Contact: Richard Cursons - 01708 432430  Email:


No. Item


MINUTES pdf icon PDF 188 KB

To approve as a correct record the Minutes of the meeting of the Sub-Committee held on 7 September 2021 and authorise the Chairman to sign them.



The minutes of the meeting held on 7 September 2021 were agreed as a correct record and signed by the Chairman.



Report and appendix attached.

Additional documents:


The report and presentation before members updated the Sub-Committee on the Quarter 2 2021/22 performance information.

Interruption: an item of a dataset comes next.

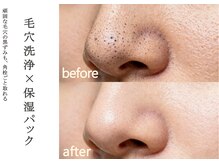 リブナス(Livnus)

5 performance indicators had previously been selected by the Sub- Committee which were as follows:


·       Improve air quality in the borough by reducing the level of NO2

·       HMO licenses issued

·       HMOs enforced against Total Penalty Charge Notices (PCNs) issued in month

·       Response rate for PCN Challenges and Representations


Members were advised that in the Air Quality Action Plan (AQAP) during the quarter, fine particulate matter monitoring equipment had been installed throughout the borough and was measuring NO2 levels.


School engagement in regards to travel plans and air quality programmes was on-going.


A further application for the installation of electric vehicle charging points for 13 Council car parks was submitted and awaiting decision. Another funding bid for more EV points was also being prepared.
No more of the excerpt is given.